[Brief descriptive captions]
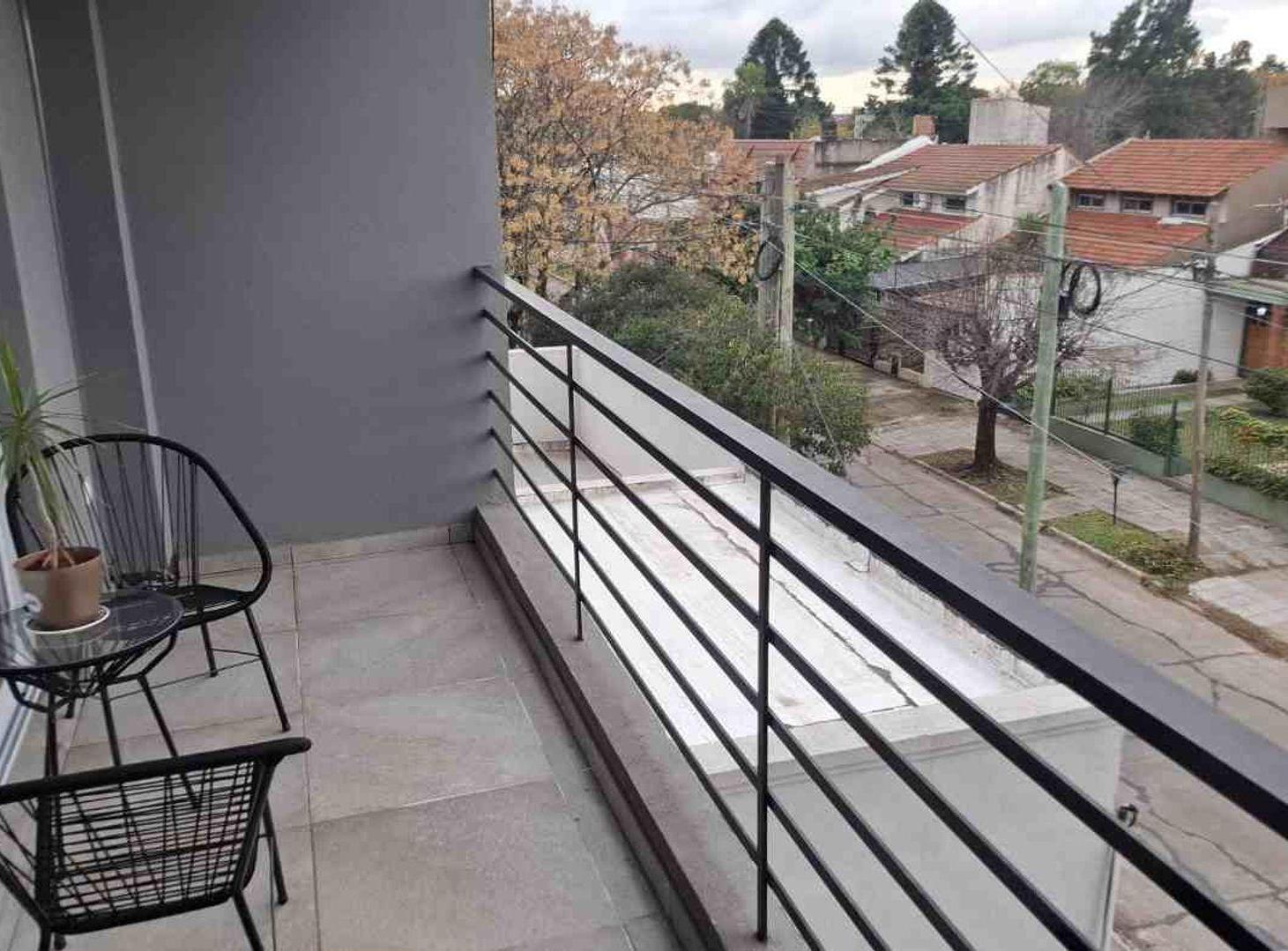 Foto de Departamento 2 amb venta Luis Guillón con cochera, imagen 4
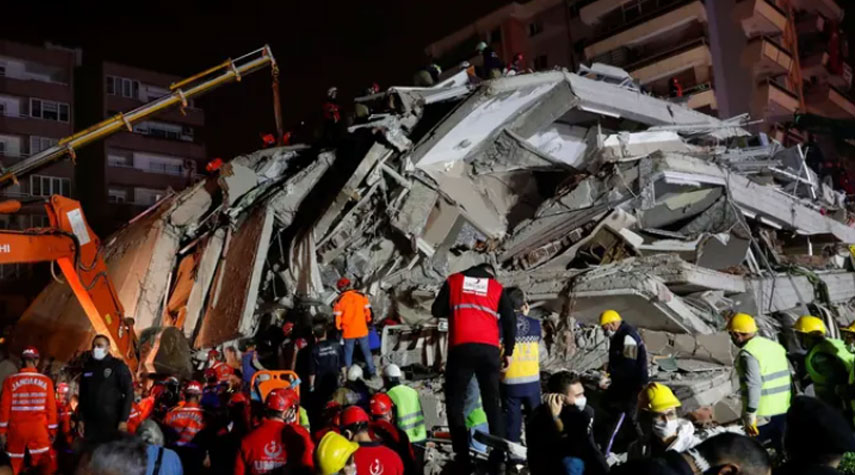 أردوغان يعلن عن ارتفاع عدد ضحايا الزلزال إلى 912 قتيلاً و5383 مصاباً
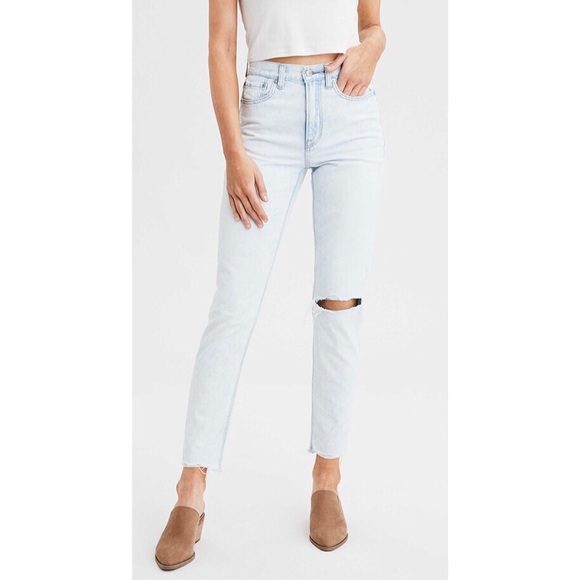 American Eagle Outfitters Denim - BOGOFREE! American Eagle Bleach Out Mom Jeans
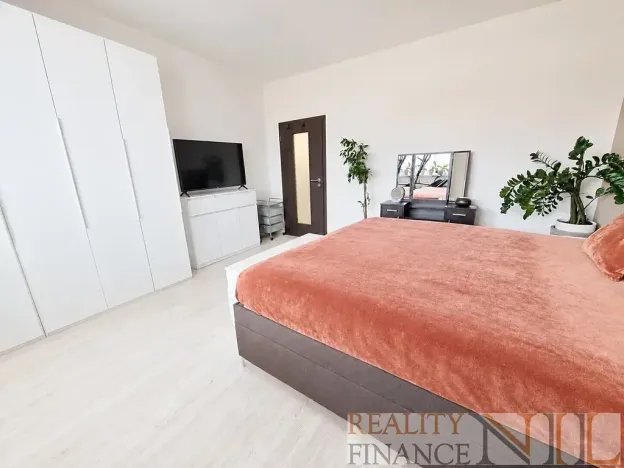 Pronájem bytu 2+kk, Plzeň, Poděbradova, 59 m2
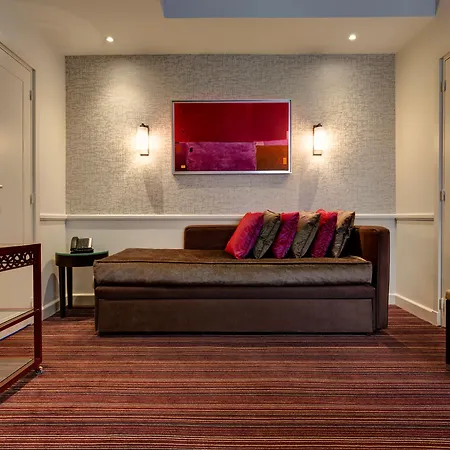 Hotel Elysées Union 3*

» **YOUR INSTRUCTIONS**
What you return should match the entries word for word, pictures aside.

» **ANSWER SPACE**
 Foto de Departamento 2 amb venta Luis Guillón con cochera, imagen 4
 أردوغان يعلن عن ارتفاع عدد ضحايا الزلزال إلى 912 قتيلاً و5383 مصاباً
 American Eagle Outfitters Denim - BOGOFREE! American Eagle Bleach Out Mom Jeans
 Pronájem bytu 2+kk, Plzeň, Poděbradova, 59 m2
 Hotel Elysées Union 3*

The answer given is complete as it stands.